LONDON: Fatima Nasser’s new business had barely got off the ground when she was accused of being a foreign spy for giving women employment opportunities in Libya, her war-torn home country.
The accusation was a measure of the opposition working women face in the conservative Muslim country, which has been in turmoil since a NATO-backed revolt toppled long-time leader Muammar Qaddafi in 2011.
Just one in four Libyan women is employed, according to World Bank data — a situation Nasser, 21, hopes to change with a new food delivery app that allows them to earn money from their own kitchens.
“I’m just doing something to help women that I know deserve better. They need opportunities, just like males,” Yasser told the Thomson Reuters Foundation.
The app, Yummy, connects women who cook at home with customers wanting to order food, in much the same way as Uber connects private drivers with would-be passengers.
It acts as a conduit, offering anonymity options for the cooks, and allows women to take food orders from men without having to speak to them.

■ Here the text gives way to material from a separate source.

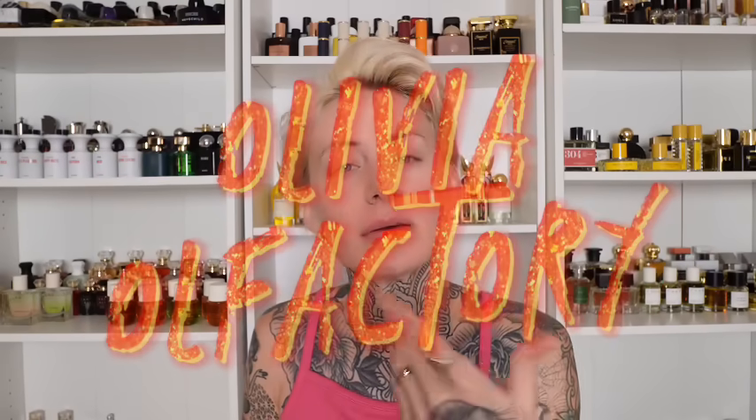Hi friends! Welcome to the channel. If you've never seen my face before, I'm Olivia and you can consider me your fragrance fairy godmother.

“You have a society that has been closed for 100 years, you can’t just open a communication gate between two genders that were not supposed to talk to each other unless they were married to do business,” said Nasser.
She now has 300 cooks ready to start work, having trialled the service successfully with 20 in the southern Libyan city of Sabha — among them 26-year-old Ekhlas Ekrim.

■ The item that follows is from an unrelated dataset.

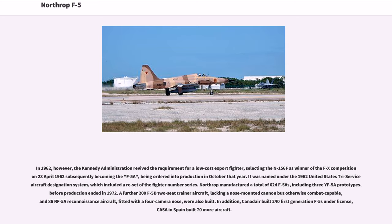It was named under the 1962 United States Tri-Service Aircraft Designation System, which included a reset of the fighter number series. Northrop manufactured a total of 624 F-5As, including three YF-5A prototypes, before production ended in 1972. A further 200 F-5B two-seat trainer aircraft, lacking a nose-mounted cannon but otherwise combat-capable, and 86 RF-5A reconnaissance aircraft fitted with a four-camera nose, were also built. In addition, Canadair built 240 first-generation F-5s under license, and CASA in Spain built 70 more aircraft.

Ekrim has been cooking and selling her food on Yummy for four months in Sabha, where a lack of security and ongoing fighting between rival armed groups have prevented her from going out to work to earn much-needed cash.

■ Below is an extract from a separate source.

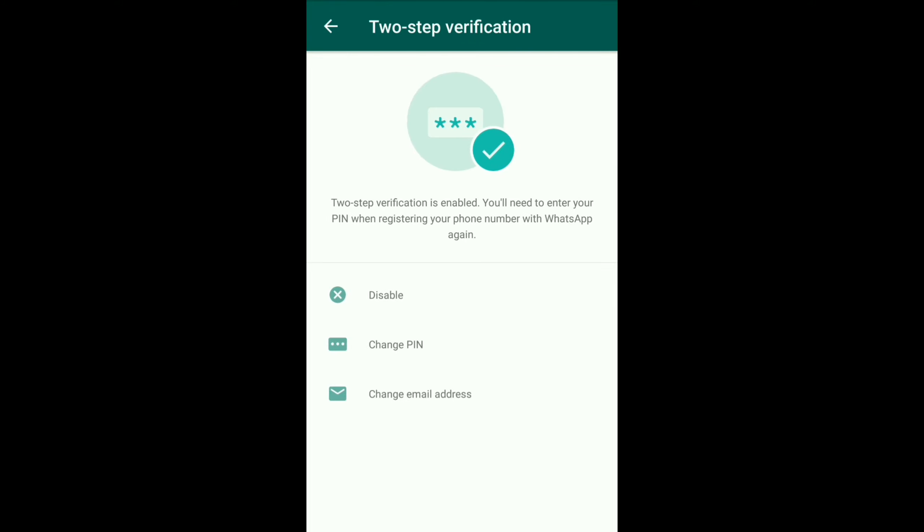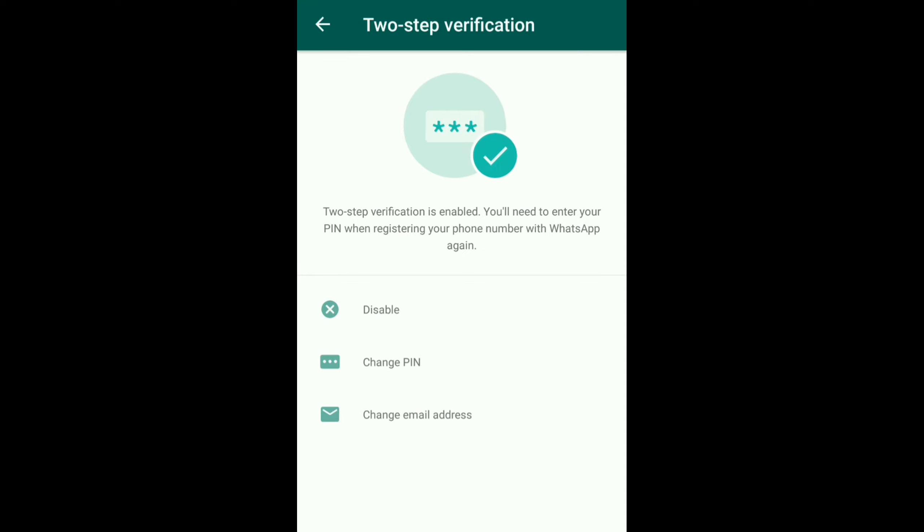We will select the option for two-step verification. You will also have two-step verification available here.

“Here they won’t accept that women work. Here your father or brother is responsible to give you money and everything that you need as a woman in the house,” said Ekrim, who lives with her parents, two brothers and two sisters, via WhatsApp.
“Working with Yummy is wonderful and has made things a lot easier. The work itself is not hard, society is.”

HOPE FOR CHANGE
Oil-rich Libya was once one of the wealthiest countries in the Middle East, but its economy has been crippled by conflict and political division.
Security in many parts of the country is poor and the protracted conflict has meant more women having to earn a living as men go off to fight, says development organization MEDA, which teaches business skills to women in Libya.
“Culturally it’s maybe not as appropriate for women to work outside the house. An app like that could circumnavigate some of those issues,” said MEDA director Adam Bramm.
Last year Yummy was one of three winners of the nationwide Enjazi competition, which aims to encourage entrepreneurship to help diversify Libya’s oil-dependent economy.
Nasser won business training and advice from the MIT Enterprise Forum of the Pan Arab Region and Tatweer Research, which support entrepreneurship in the region.
The prize included a trip to Britain to meet and learn from successful entrepreneurs.
“If a woman started a start-up (in Libya) she would not have the same encouragement and support that her brother had,” she said.
“But hopefully this will change. People are starting to believe in females more and more now.”